"It was both the best and worst project of my career," Deke Hazirjian claims of his lighting design for Bannerman Castle, a 19th-century warehouse whose facade, modeled after Scottish edifices, adds beauty to the Hudson Valley, NY, community where he lives. The illumination (pictured) was part of Riverfest, a celebration held in June that was dedicated to local efforts to rediscover the historic waterfront.

The LD is the president of New York City Lites (NYCL), whose credits include the lighting of the Fox News Channel in Manhattan. NYCL joined forces with Roy Sears of Scenic Technologies to fund the event, in the planning stages since midwinter. Riverfest eventually included smoke machines, synchronized music provided by local radio stations, and a bagpipe player. It also required the services of the local yacht club, a barge, two generators, and manpower drawn from NYCL and the Production Resource Group, parent company of Scenic Technologies and Bash Lighting Services, which provided "miles of cabling," the LD says.

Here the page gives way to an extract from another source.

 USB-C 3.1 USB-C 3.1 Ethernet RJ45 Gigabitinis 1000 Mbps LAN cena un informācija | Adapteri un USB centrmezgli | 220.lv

"I didn't want to get involved with this project unless I could do it right," Hazirjian explains, "even if that meant costing me money. The local community [which also co-sponsored the event, and contributed volunteer assistance] originally had no idea what the scope of the project could be. It represented a civic duty. And of course, when you first look at a project, you don't always think about the logistics."

The most difficult problems stemmed from the location: The island that houses the castle is only accessible during high tide. "We needed to be able to change pattern, color, and focus, all with limited power. And we couldn't get the army to helicopter our equipment in," Hazirjian jokes. Instead, the crew used a barge, which, aside from instruments supplied by Vari-Lite ("the company gave us a really generous price"), included Bash's cabling and two generators, one of which ran out of power and had to be refueled by hand only hours before the event. The island is also covered with poison ivy, which forced the crew to be on their toes.

They also spent many rain-drenched hours in the dark, protecting lights and building platforms to keep equipment from sinking in the mud. Despite this, Hazirjian "would love to have another shot at lighting it. Now that we know our limitations, I want to try it differently. I want to do something that will make jaws drop."